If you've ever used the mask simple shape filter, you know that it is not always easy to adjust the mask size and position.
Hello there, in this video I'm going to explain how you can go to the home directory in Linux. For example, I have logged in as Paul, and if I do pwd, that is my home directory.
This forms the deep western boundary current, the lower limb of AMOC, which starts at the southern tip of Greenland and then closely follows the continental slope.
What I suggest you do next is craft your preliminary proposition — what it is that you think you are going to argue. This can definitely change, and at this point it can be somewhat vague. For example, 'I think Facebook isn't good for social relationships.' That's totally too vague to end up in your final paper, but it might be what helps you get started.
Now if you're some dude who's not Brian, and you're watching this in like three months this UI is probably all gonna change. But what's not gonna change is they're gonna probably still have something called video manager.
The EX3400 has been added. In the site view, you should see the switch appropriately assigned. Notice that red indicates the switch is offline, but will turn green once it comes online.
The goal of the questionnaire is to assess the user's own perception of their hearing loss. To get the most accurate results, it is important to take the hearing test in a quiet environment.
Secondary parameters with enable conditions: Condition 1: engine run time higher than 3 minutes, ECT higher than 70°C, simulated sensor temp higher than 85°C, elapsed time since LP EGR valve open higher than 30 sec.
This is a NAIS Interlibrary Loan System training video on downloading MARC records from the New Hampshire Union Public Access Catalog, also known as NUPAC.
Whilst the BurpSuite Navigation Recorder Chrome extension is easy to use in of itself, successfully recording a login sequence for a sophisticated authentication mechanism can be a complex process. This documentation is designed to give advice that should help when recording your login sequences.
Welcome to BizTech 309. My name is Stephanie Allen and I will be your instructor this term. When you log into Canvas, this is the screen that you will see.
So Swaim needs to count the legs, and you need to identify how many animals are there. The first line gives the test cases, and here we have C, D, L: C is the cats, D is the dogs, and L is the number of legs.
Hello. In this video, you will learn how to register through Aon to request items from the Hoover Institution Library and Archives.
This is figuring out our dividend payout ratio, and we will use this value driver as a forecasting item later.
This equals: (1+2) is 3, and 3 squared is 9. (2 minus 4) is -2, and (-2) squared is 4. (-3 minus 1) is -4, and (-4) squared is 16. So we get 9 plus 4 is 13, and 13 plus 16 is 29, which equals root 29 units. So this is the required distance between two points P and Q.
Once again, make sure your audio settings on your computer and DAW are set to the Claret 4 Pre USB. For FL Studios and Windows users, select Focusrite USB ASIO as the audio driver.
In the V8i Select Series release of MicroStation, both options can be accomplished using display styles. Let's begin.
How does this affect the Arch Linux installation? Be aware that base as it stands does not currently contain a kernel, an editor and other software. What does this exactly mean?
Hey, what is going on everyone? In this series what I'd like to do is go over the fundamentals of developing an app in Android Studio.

Task statement
Output the records above in full, with nothing altered.

Answer below
If you've ever used the mask simple shape filter, you know that it is not always easy to adjust the mask size and position.
Hello there, in this video I'm going to explain how you can go to the home directory in Linux. For example, I have logged in as Paul, and if I do pwd, that is my home directory.
This forms the deep western boundary current, the lower limb of AMOC, which starts at the southern tip of Greenland and then closely follows the continental slope.
What I suggest you do next is craft your preliminary proposition — what it is that you think you are going to argue. This can definitely change, and at this point it can be somewhat vague. For example, 'I think Facebook isn't good for social relationships.' That's totally too vague to end up in your final paper, but it might be what helps you get started.
Now if you're some dude who's not Brian, and you're watching this in like three months this UI is probably all gonna change. But what's not gonna change is they're gonna probably still have something called video manager.
The EX3400 has been added. In the site view, you should see the switch appropriately assigned. Notice that red indicates the switch is offline, but will turn green once it comes online.
The goal of the questionnaire is to assess the user's own perception of their hearing loss. To get the most accurate results, it is important to take the hearing test in a quiet environment.
Secondary parameters with enable conditions: Condition 1: engine run time higher than 3 minutes, ECT higher than 70°C, simulated sensor temp higher than 85°C, elapsed time since LP EGR valve open higher than 30 sec.
This is a NAIS Interlibrary Loan System training video on downloading MARC records from the New Hampshire Union Public Access Catalog, also known as NUPAC.
Whilst the BurpSuite Navigation Recorder Chrome extension is easy to use in of itself, successfully recording a login sequence for a sophisticated authentication mechanism can be a complex process. This documentation is designed to give advice that should help when recording your login sequences.
Welcome to BizTech 309. My name is Stephanie Allen and I will be your instructor this term. When you log into Canvas, this is the screen that you will see.
So Swaim needs to count the legs, and you need to identify how many animals are there. The first line gives the test cases, and here we have C, D, L: C is the cats, D is the dogs, and L is the number of legs.
Hello. In this video, you will learn how to register through Aon to request items from the Hoover Institution Library and Archives.
This is figuring out our dividend payout ratio, and we will use this value driver as a forecasting item later.
This equals: (1+2) is 3, and 3 squared is 9. (2 minus 4) is -2, and (-2) squared is 4. (-3 minus 1) is -4, and (-4) squared is 16. So we get 9 plus 4 is 13, and 13 plus 16 is 29, which equals root 29 units. So this is the required distance between two points P and Q.
Once again, make sure your audio settings on your computer and DAW are set to the Claret 4 Pre USB. For FL Studios and Windows users, select Focusrite USB ASIO as the audio driver.
In the V8i Select Series release of MicroStation, both options can be accomplished using display styles. Let's begin.
How does this affect the Arch Linux installation? Be aware that base as it stands does not currently contain a kernel, an editor and other software. What does this exactly mean?
Hey, what is going on everyone? In this series what I'd like to do is go over the fundamentals of developing an app in Android Studio.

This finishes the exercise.